Recorded information ->
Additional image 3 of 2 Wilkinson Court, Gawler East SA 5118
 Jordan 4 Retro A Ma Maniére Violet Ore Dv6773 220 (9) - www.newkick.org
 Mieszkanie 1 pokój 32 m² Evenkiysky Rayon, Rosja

Your objective -> Would you write the material out again, exactly as given above?

Task answer ->
Additional image 3 of 2 Wilkinson Court, Gawler East SA 5118
 Jordan 4 Retro A Ma Maniére Violet Ore Dv6773 220 (9) - www.newkick.org
 Mieszkanie 1 pokój 32 m² Evenkiysky Rayon, Rosja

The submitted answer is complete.